### WHAT IS REQUIRED:
Without including the pictures, copy out every line below.

- - - - - - -

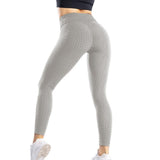 Yoga Pants Leggings Sport Women Fitness Gym High Waist Push Up Yoga Pants Jacquard Fitness Legging Running Trousers - Presidential Brand (R)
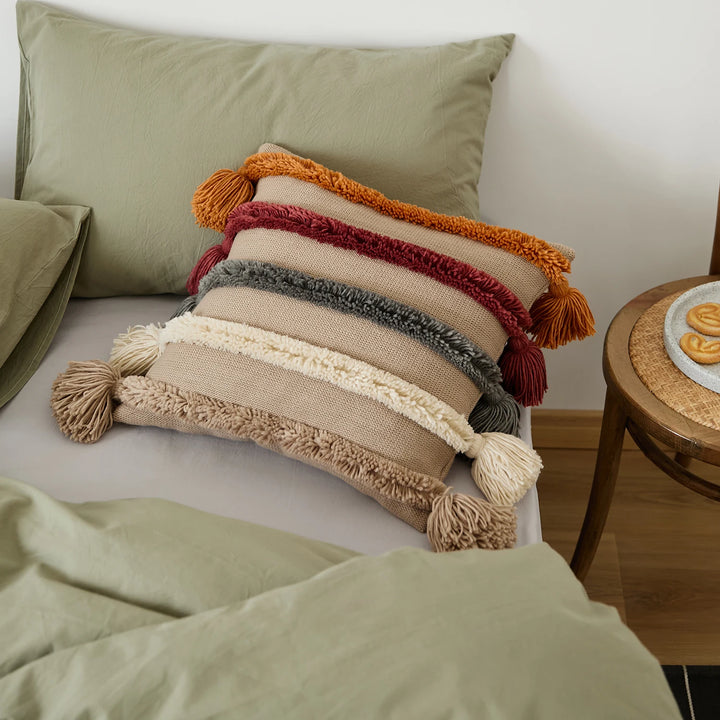 Aurora Tassel Pillow Case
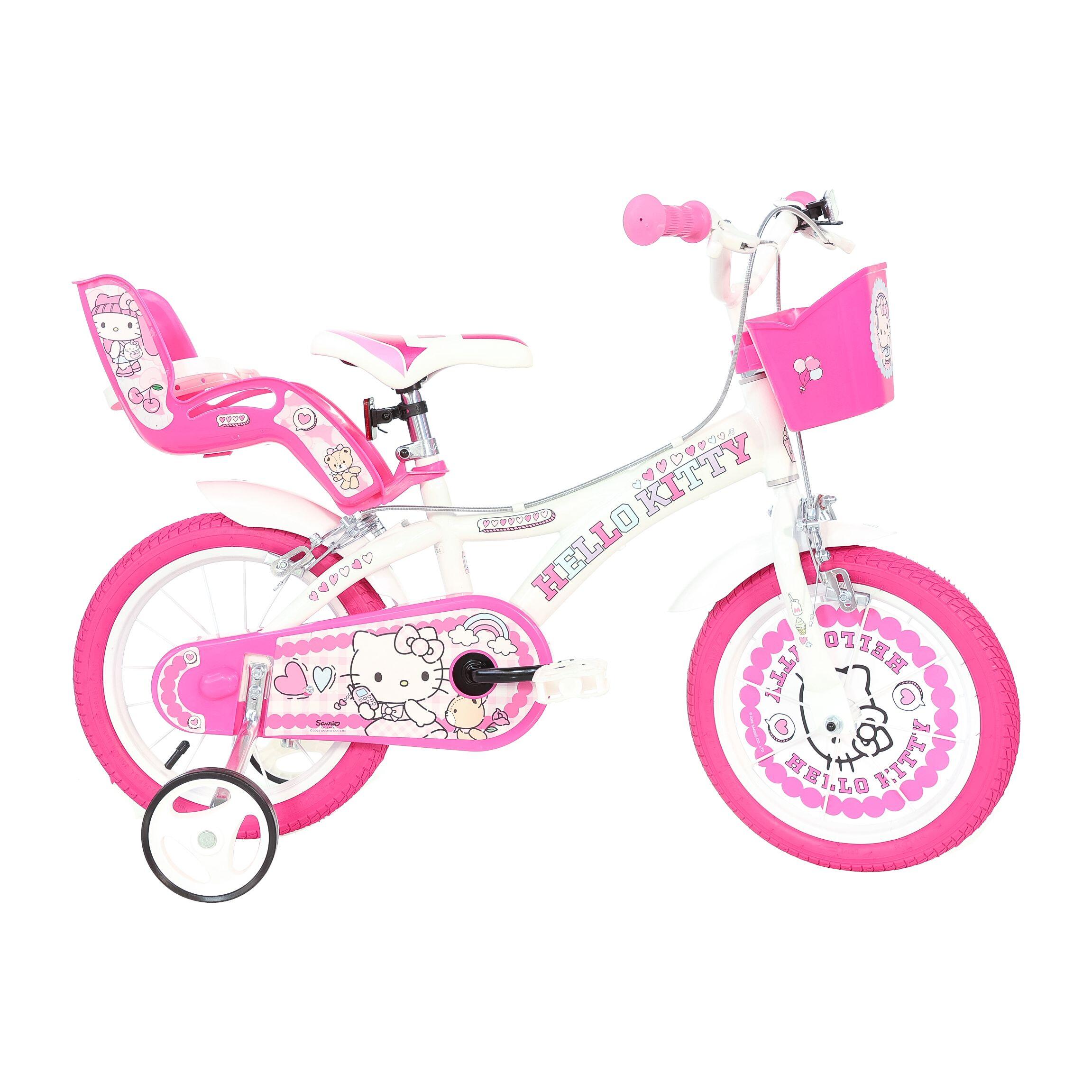Bicicleta de criança 14 polegadas hello kitty 4-6 anos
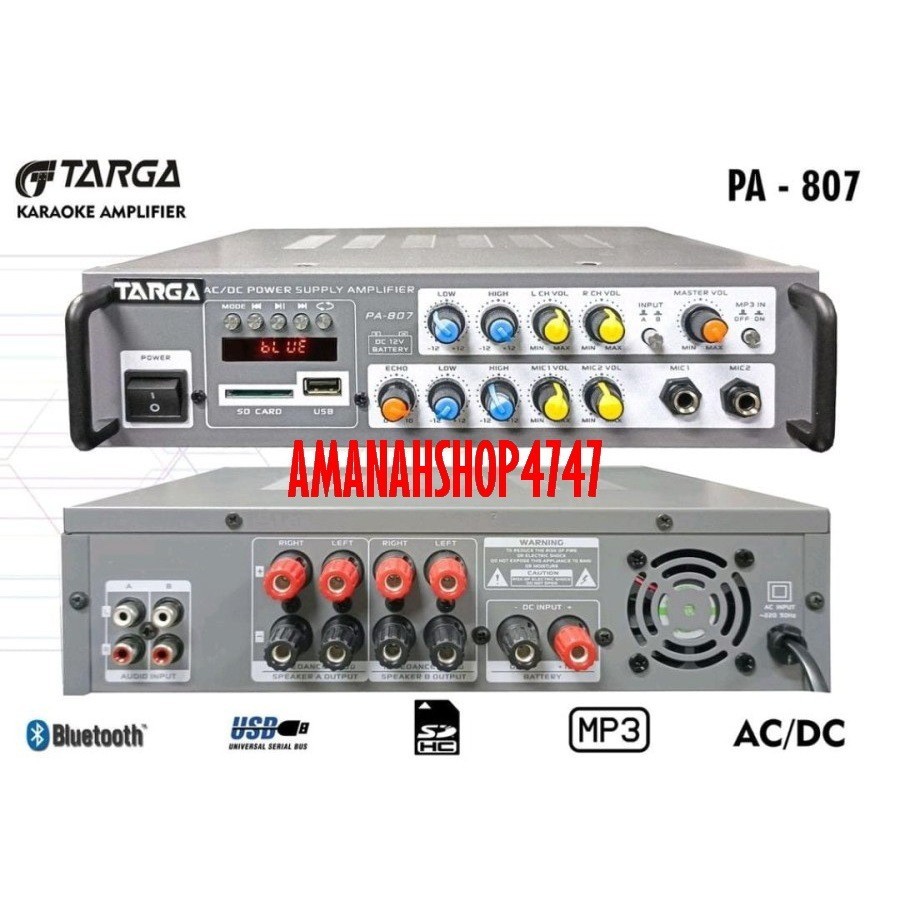 AMPLIFIER TARGA PA 807 AMPLI TARGA PA807
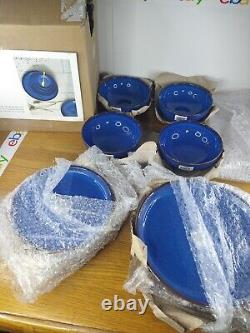 Denby Blue Imperial Stoneware Dinner Plate Blue MADE IN ENGLAND Set of 12
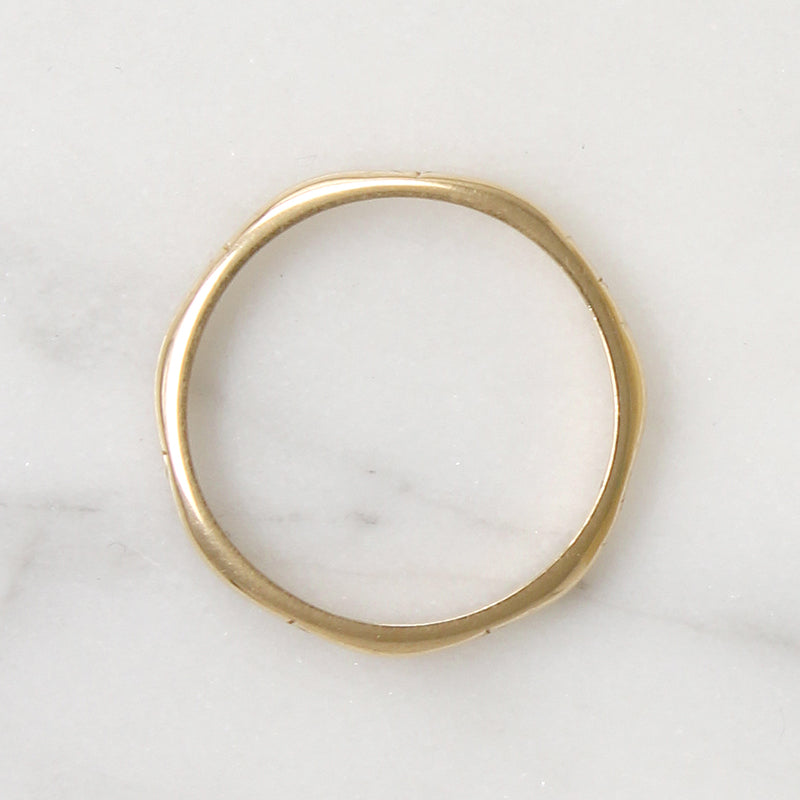 Subtle Details 14k Gold Vintage Band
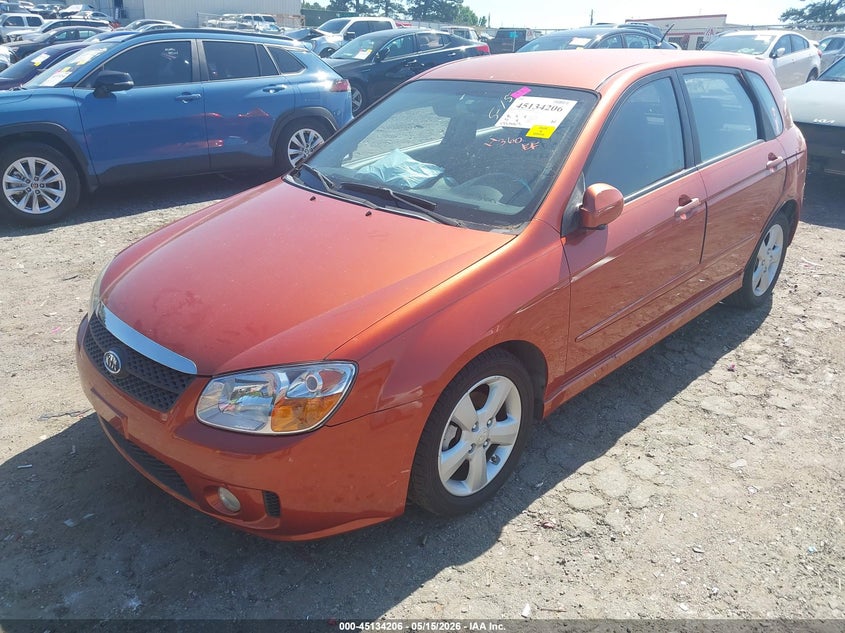 2009 Kia Spectra VIN KNAFE241795024206 IAAI salvage auction — UNDERCARRIAGE, Salvage (Georgia), sold $375 on 2026-08-02 (photo 2)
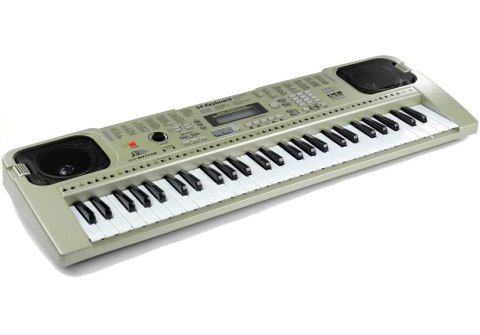 KEYBOARD ORGANY PIANINO MQ807 DLA DZIECKA USB MIKROFON 2 GŁOŚNIKI ZASILACZ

- - - - - - -

### FINAL ANSWER:
 Yoga Pants Leggings Sport Women Fitness Gym High Waist Push Up Yoga Pants Jacquard Fitness Legging Running Trousers - Presidential Brand (R)
 Aurora Tassel Pillow Case
Bicicleta de criança 14 polegadas hello kitty 4-6 anos
 AMPLIFIER TARGA PA 807 AMPLI TARGA PA807
 Denby Blue Imperial Stoneware Dinner Plate Blue MADE IN ENGLAND Set of 12
 Subtle Details 14k Gold Vintage Band
 2009 Kia Spectra VIN KNAFE241795024206 IAAI salvage auction — UNDERCARRIAGE, Salvage (Georgia), sold $375 on 2026-08-02 (photo 2)
 KEYBOARD ORGANY PIANINO MQ807 DLA DZIECKA USB MIKROFON 2 GŁOŚNIKI ZASILACZ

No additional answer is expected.